Releasing soon Vigo is in alpha and closing in on its first stable release. Expect breaking changes between releases until then — we're looking for testing partners with meaningful fleets across diverse architectures. Learn more →

Host Self

Host-level resource pressure indicators that don't fit in any other collector. The agent's own footprint is tracked in agent_self; per-mountpoint disk in mountpoints; system memory in memory. This collector covers the in-between signals that matter for "is this host about to fall over": kernel-wide FD consumption, total process count, and recent OOM-killer activity.

Trait Path

host_self

Fields

Path Type Example Description
host_self.fd_used integer 9472 File descriptors currently allocated kernel-wide (/proc/sys/fs/file-nr field 1)
host_self.fd_max integer 9223372036854775807 Kernel ceiling for the file table (/proc/sys/fs/file-nr field 3)
host_self.fd_pct number 0.0001 fd_used / fd_max × 100, rounded to 2 decimal places
host_self.proc_count integer 412 Number of /proc/<pid> entries (live processes)
host_self.oom_recent integer 0 1 if dmesg/kern.log shows an OOM-killer invocation in the recent log window, 0 otherwise

Collection Method

All reads are pure procfs (no subprocess fork) on the happy path:

  • host_self.fd_used, host_self.fd_max, host_self.fd_pct — read from /proc/sys/fs/file-nr
  • host_self.proc_countread_dir("/proc") filtered to numeric entries
  • host_self.oom_recent — checks /var/log/kern.log if present (reads only the last 256 KiB to avoid scanning rotated 100 MB logs); falls back to journalctl -k --since '1 hour ago' --no-pager -q when kern.log is missing. The journalctl fallback is the only subprocess in this collector and is bounded to 2 seconds — a wedged journalctl can never block check-in.
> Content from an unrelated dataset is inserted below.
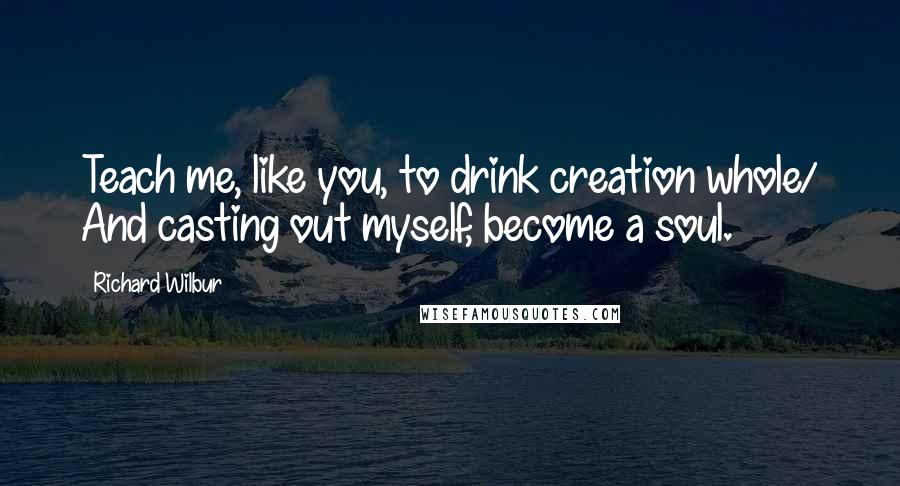 Richard Wilbur quotes: Teach me, like you, to drink creation whole/ And casting out myself, become a soul.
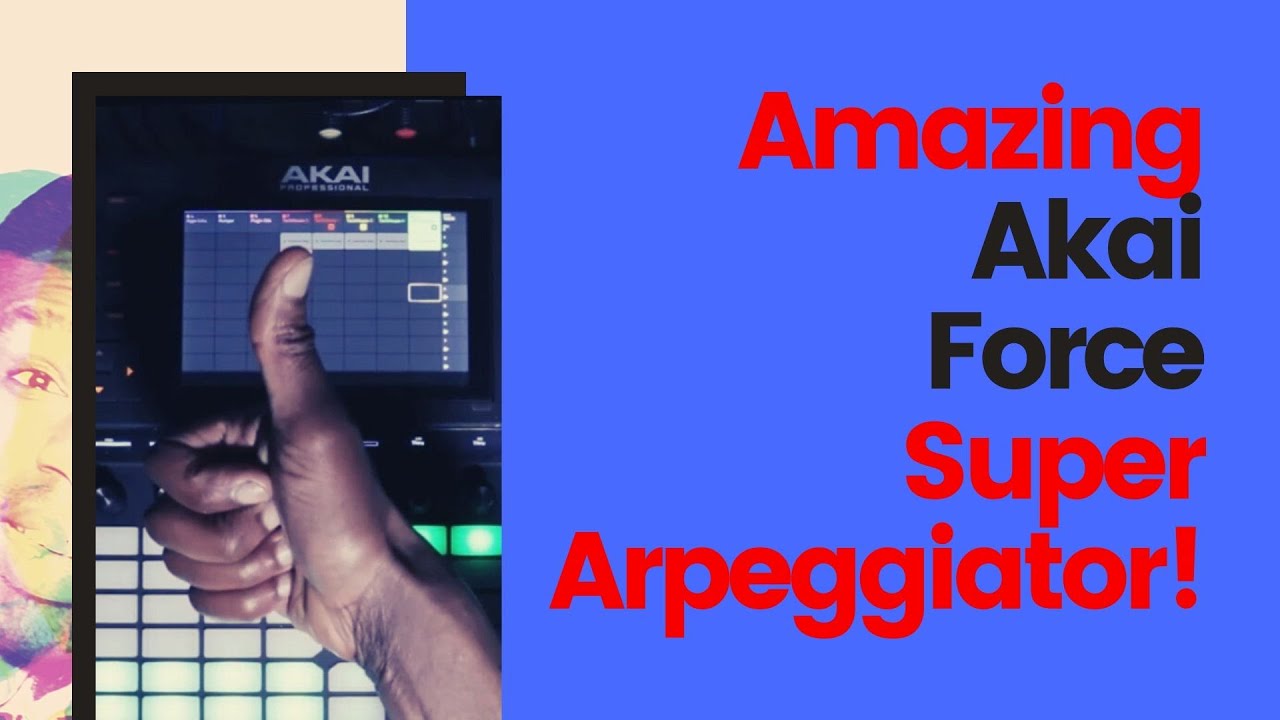 Akai Force: Amazing Super Arpeggiator!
Errors from any of the reads are silently swallowed and the field is reported as 0. The point of the collector is signal, not certainty.

Why This Matters

Per-process FD limits (agent_self.open_fds) and per-mount disk usage (mountpoints) catch most resource-exhaustion modes, but two host-level signals slip through:

  • Kernel file table exhaustion. /proc/sys/fs/file-nr is the only place that reports kernel-wide FD usage. A runaway process can blow past agent_self.open_fds thresholds while the kernel itself is healthy, or — rarely — push the kernel ceiling itself.
  • OOM kills that didn't hit the agent. If the OOM killer fires on something else (a package manager, a stray child, a noisy neighbor on a shared host), the agent process survives but the host is clearly under memory pressure.

The collector is classified volatile — it refreshes every cycle so a sudden FD or proc-count spike is visible in real time.

Using in When Expressions

- name: page-oncall-fd-pressure
  type: exec
  command: /usr/local/bin/alert host-fd-pressure
  when: "host_self.fd_pct > 80"

- name: hold-deploys-after-oom
  type: file
  target_path: /var/lib/vigo/deploy-paused
  content: "OOM-killer fired in last hour\n"
  when: "host_self.oom_recent == 1"

Using in Templates

- name: host-pressure-report
  type: file
  target_path: /var/lib/vigo/host-pressure.txt
  content: |
    FDs: {{ .Traits.host_self.fd_used }} / {{ .Traits.host_self.fd_max }} ({{ .Traits.host_self.fd_pct }}%)
    Processes: {{ .Traits.host_self.proc_count }}
    Recent OOM: {{ .Traits.host_self.oom_recent }}

Platform

Linux only. macOS, BSD, and Windows return null for the entire trait — none of them expose /proc/sys/fs/file-nr or /proc the same way, and substituting lsof | wc -l would mean spawning a subprocess on every check-in.